Inquinamento, dighe, agricoltura intensiva, specie invasive. E così rischiamo di perdere la bellezza di 23mila specie che vivono negli ecosistemi d’acqua dolce, quasi un quarto del totale. Sarebbe un duro colpo alla biodiversità: a lanciare l’allarme è un gruppo di scienziati della International Union for Conservation of Nature (Iucn), un’organizzazione non governativa internazionale con sede in Svizzera, in uno studio appena pubblicato sulle pagine della rivista Nature. Gli autori auspicano che i risultati del loro lavoro spronino e aiutino i decisori a intraprendere al più presto tutte le azioni necessarie a preservare la biodiversità delle acque dolci e scongiurare il pericolo di estinzione delle specie a rischio.


“Gli ecosistemi di acqua dolce”, scrivono i ricercatori nello studio, “sono ricchissimi di biodiversità e rappresentano un mezzo di sussistenza e di sviluppo economico per molte popolazioni umane, e sono attualmente sottoposti a uno stress molto elevato”. La maggior parte delle valutazioni finora compiute sulle specie a rischio di estinzione, però, non si erano concentrate su quelle che vivevano nelle acque dolci, e ciò ha parzialmente condizionato le politiche di conservazione.

“Finora, le politiche ambientali e le definizioni delle priorità di conservazione sono state stabilite soprattutto sulla base dei dati relativi ai tetrapodi terrestri. Abbiamo le prove che questi dati non sono sufficienti a rappresentare le esigenze delle specie di acqua dolce né a raggiungere gli obiettivi che ci siamo prefissati in fatto di biodiversità”. Tutelare questa biodiversità è particolarmente importante: le acque dolci ospitano, infatti, oltre il 10% di tutte le specie viventi conosciute, e molte di esse svolgono un ruolo fondamentale per il ciclo dei nutrienti, per il controllo delle inondazioni e per la mitigazione dei cambiamenti climatici.

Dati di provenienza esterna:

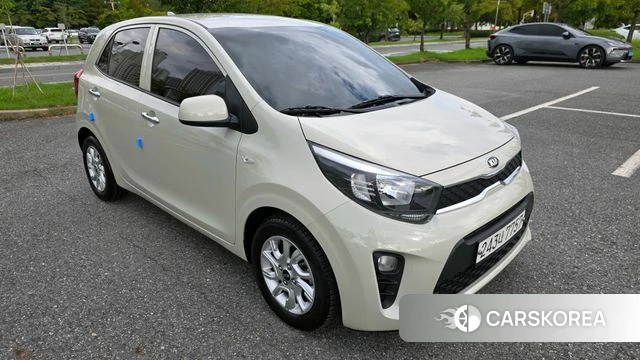 Kia All New Morning (JA) id 4754903 из Кореи 8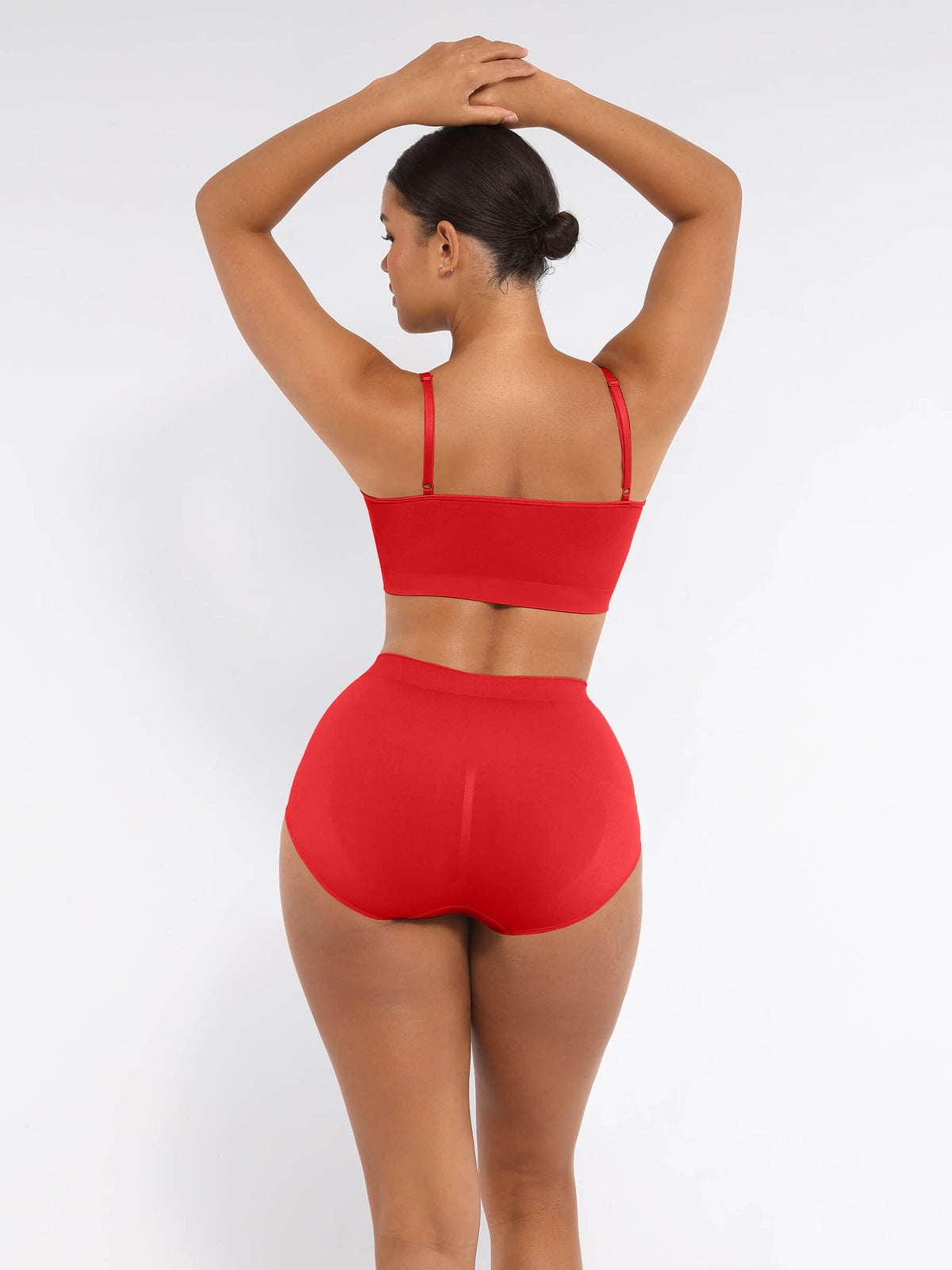 3-Pack Smooth Seamless Wireless Bra Bundle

Nel loro studio, gli scienziati, coordinati da Catherine Sayer, si sono quindi concentrati sulle specie di acqua dolce inserite nella Red List of Threatened Species (Lista rossa delle specie a rischio) del Iucn: si tratta, in particolare, di 23.496 specie che comprendono pesci, crostacei decapodi (come granchi, gamberi e gamberetti) e odonati (insetti acquatici come libellule e damigelle). In questo modo, hanno evidenziato che quasi un quarto di queste specie è a rischio estinzione; a correre il pericolo maggiore sono i decapodi, per i quali quasi una specie su tre è a rischio estinzione, rispetto al 26% dei pesci d’acqua dolce e al 16% degli odonati. Tra le minacce principali spicca, al primo posto, l’inquinamento (che mette a rischio il 54% delle specie considerate), seguito dalla presenza di dighe e dall’estrazione idrica (39%), dal cambiamento di uso del suolo per scopi agricoli (37%) e da specie invasive e malattie (28%). Tutti fattori riconducibili prevalentemente all’attività umana, insomma. “I nostri risultati”, concludono gli autori, “evidenziano la necessità urgente di affrontare queste minacce per prevenire un ulteriore declino e la perdita di specie”.